Silvia gave a little cry of pleasure, and looking over her shoulder, I beheld a baby grand piano.

“Oh, Ptolemy!” she cried, giving him a fervent kiss and fond hug, “I can never let you do so much.”

“Oh, yes,” he said, flushing a little under the endearments which were doubtless the first ever bestowed upon him. “Father’s got a whole lot of money grandpa left him and it’s fixed so he can’t draw out only so much each year. He said the board and bother of us was worth more than this and we’ll all enjoy the music. But Thag and Em and Dem ain’t to touch it. I’ll knock tar out of the first one that comes near it.”

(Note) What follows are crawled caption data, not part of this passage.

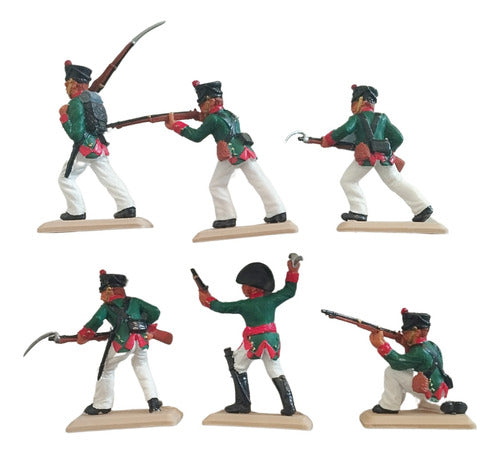 Set of 6 Antique Hand-Painted Toy Soldiers 5.5 cm Each 1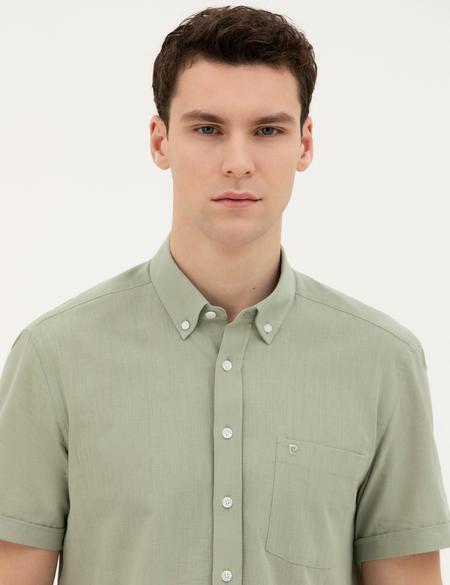 Yeşil Regular Fit Kısa Kollu Gömlek - 50284267016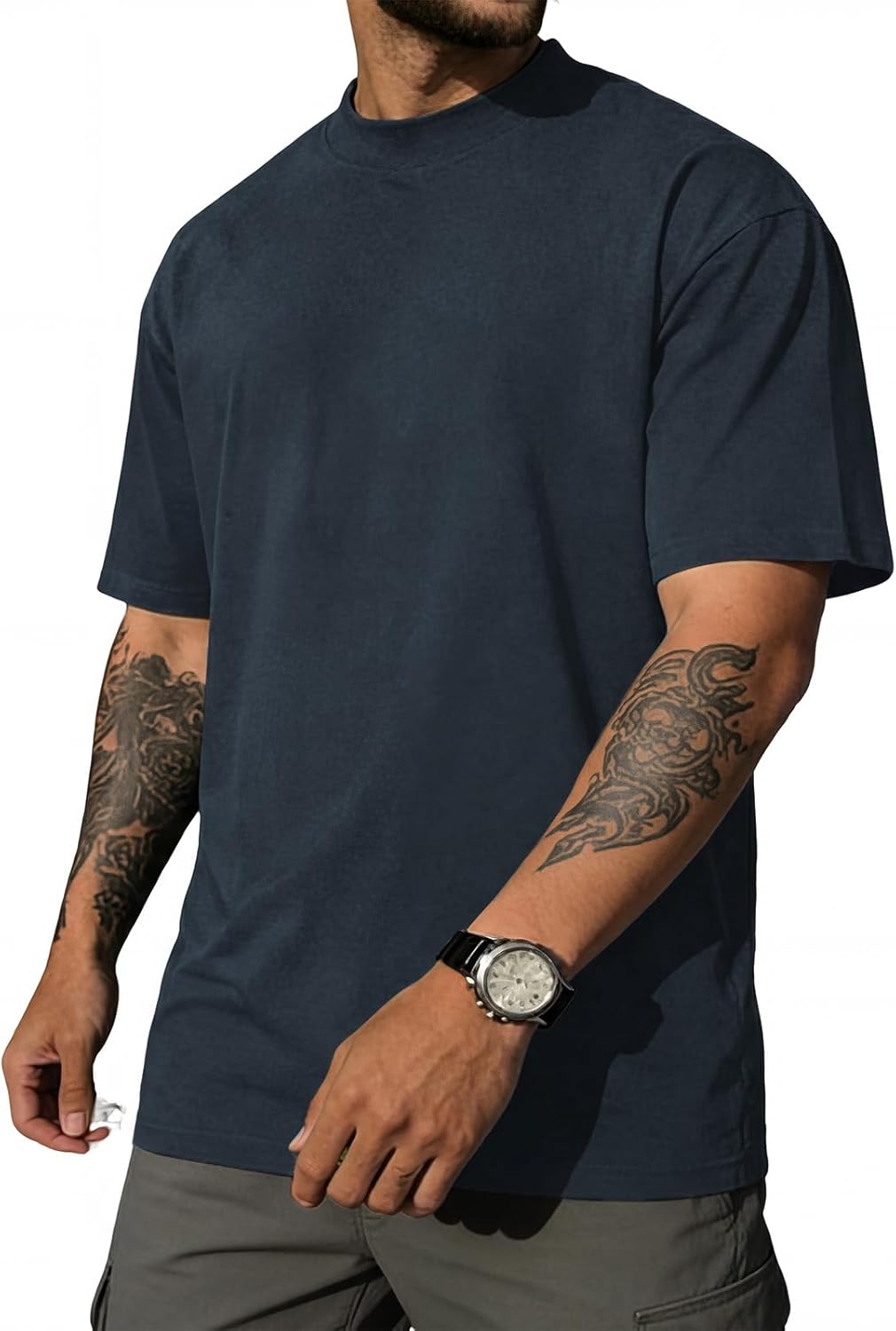 Men's Fashion Oversized T-Shirts Short Sleeve Basic Cotton Crew Neck Loose Fit Athletic Tees Tops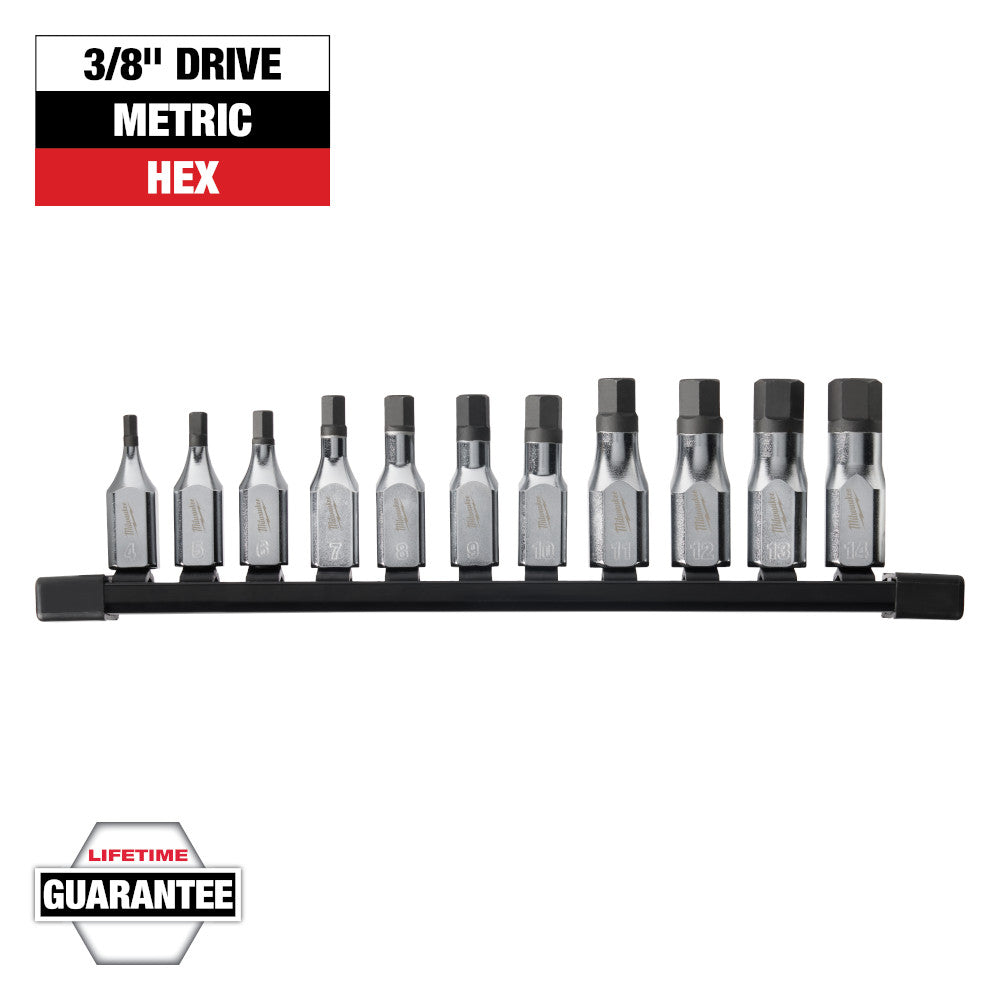 Milwaukee 11pc 3/8in Drive Hex Bit Socket Set - Metric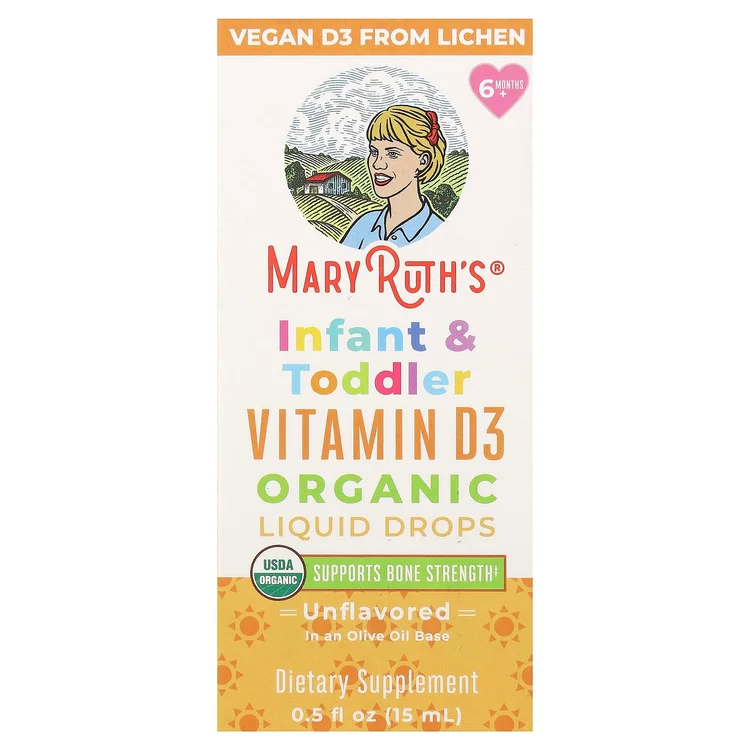 Organic Infant & Toddler Vitamin D3 Liquid Drops, 6 Months+, Unflavored, 0.5 fl oz (15 ml) image 1
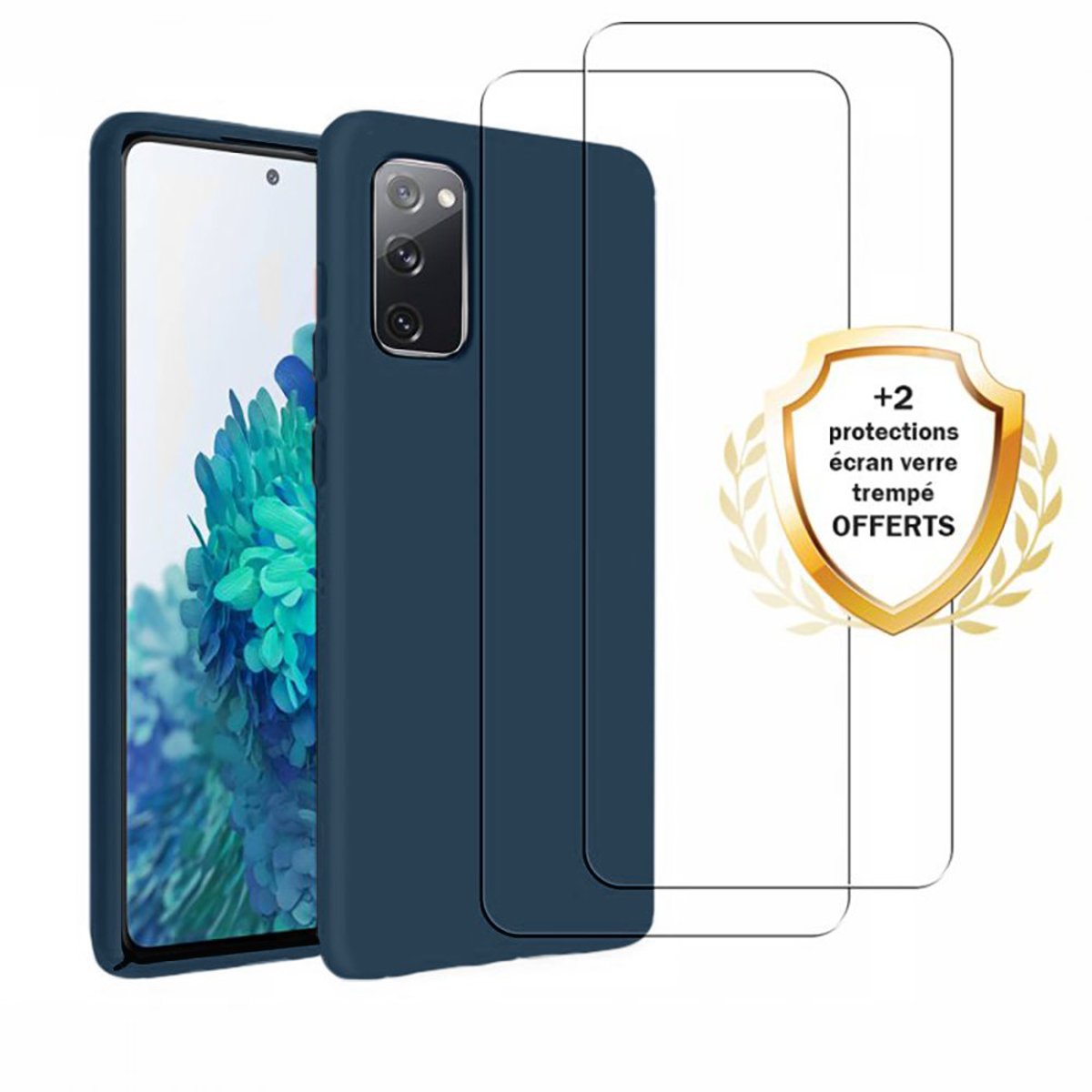 Coque Galaxy S20 Fe antichoc + 2 vitres bleu, EVETANE
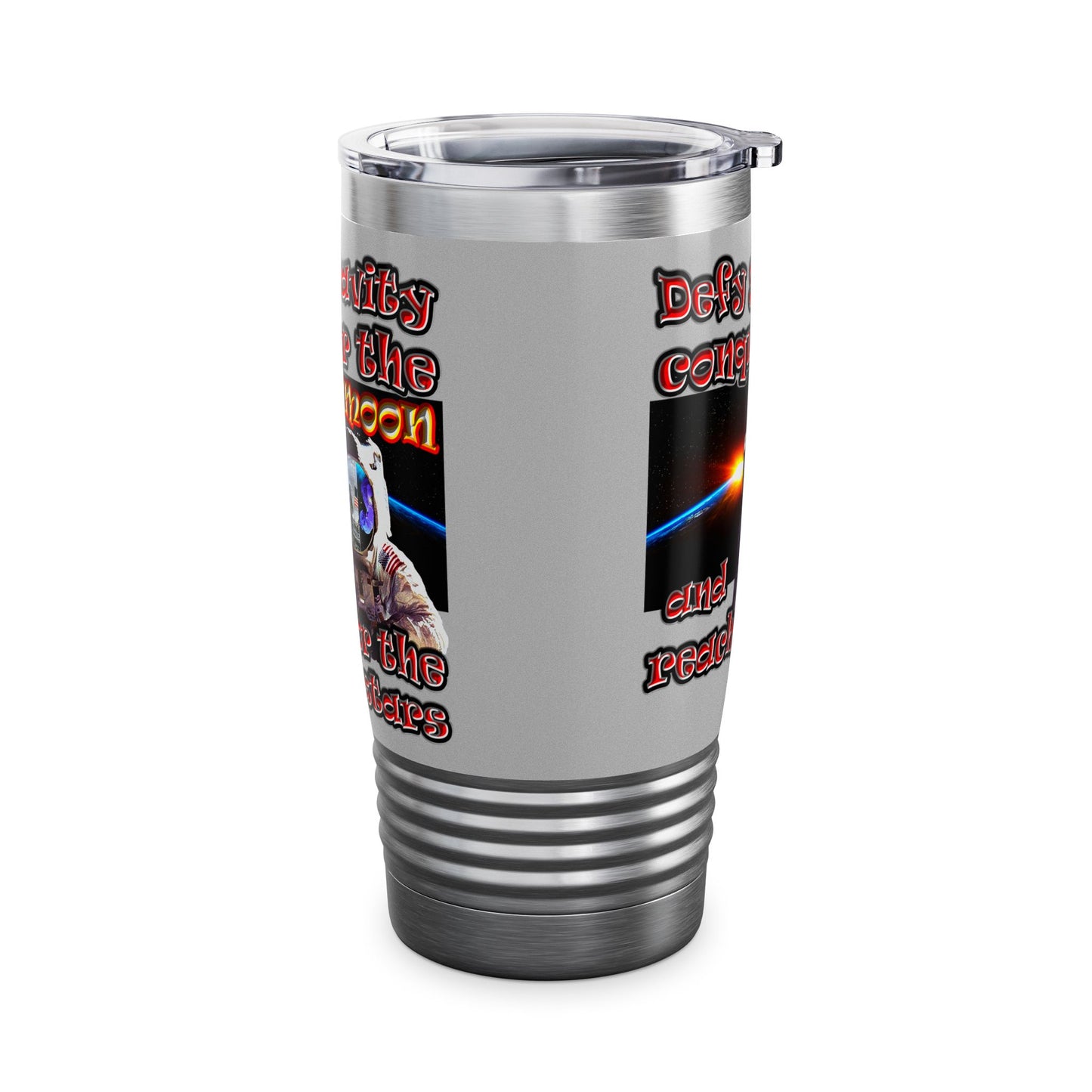 defy conquer reach - Ringneck Tumbler, 20oz (light grey)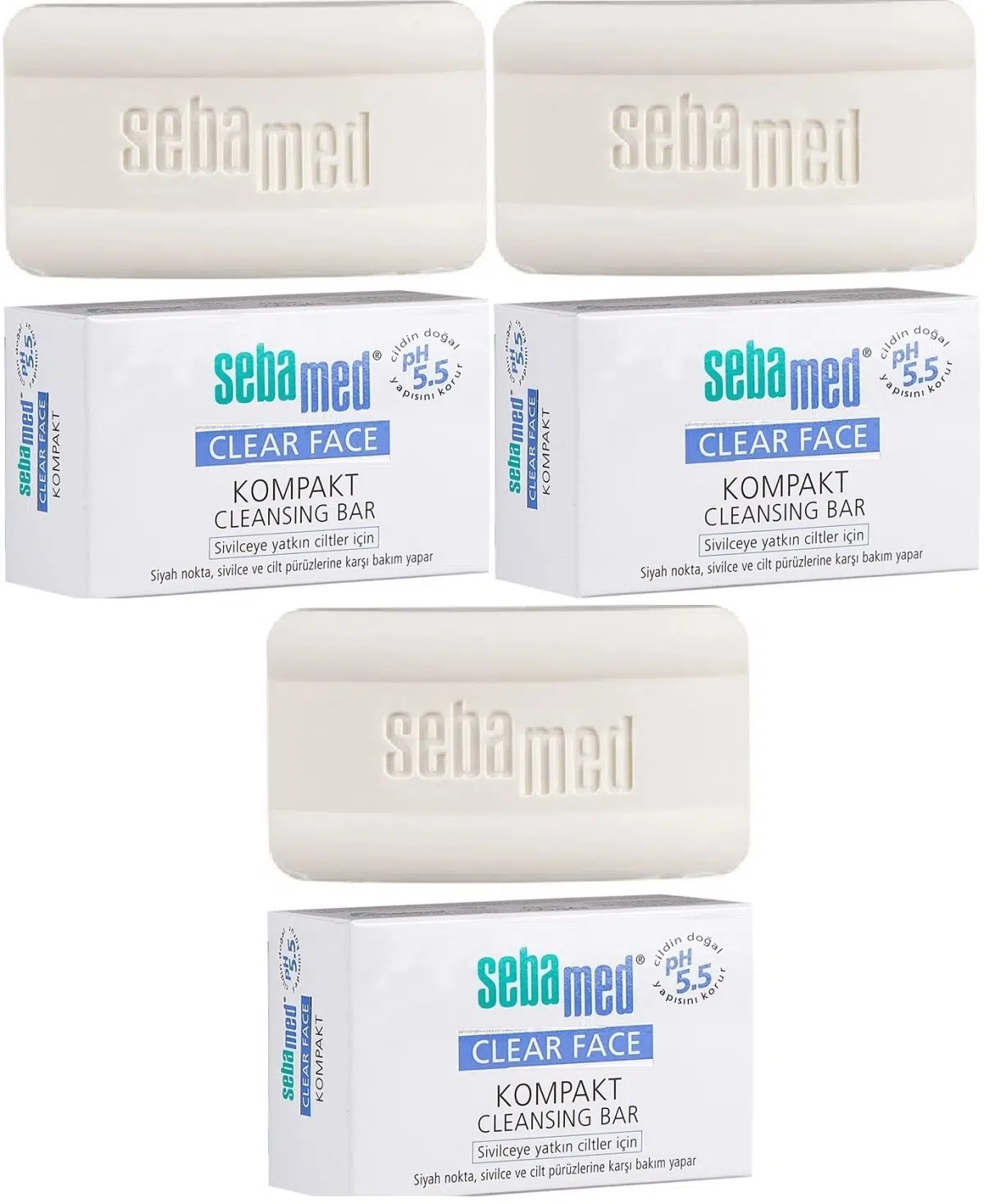 Sebamed Clear Face Kompakt Yüz Temizleme Barı Sabun Sivilceye Yatkın Cilt 100GR (3 Lü Set)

I was disconsolate. I didn’t see how we 234 could return it and I didn’t want the Polydore web woven any tighter. To think of Silvia’s receiving from them what it had been my longing to give her! But as I was to learn later, she was to acquire much more than a piano from the eminent family.

After dinner Silvia asked Huldah to come in and hear the music, and when Silvia’s repertoire was exhausted, we gave our faithful servant all the little details of our trip which Beth had not supplied.

“Now tell us, Huldah, how things went along here,” said Silvia.

“Well, you think some wonderful things happened to you all on your trip mebby––ghosts and proposals,” looking at Beth and Rob, “and fires and Polydores, but back here in this quiet house something happened that has your ghosts and things skinned by a mile.”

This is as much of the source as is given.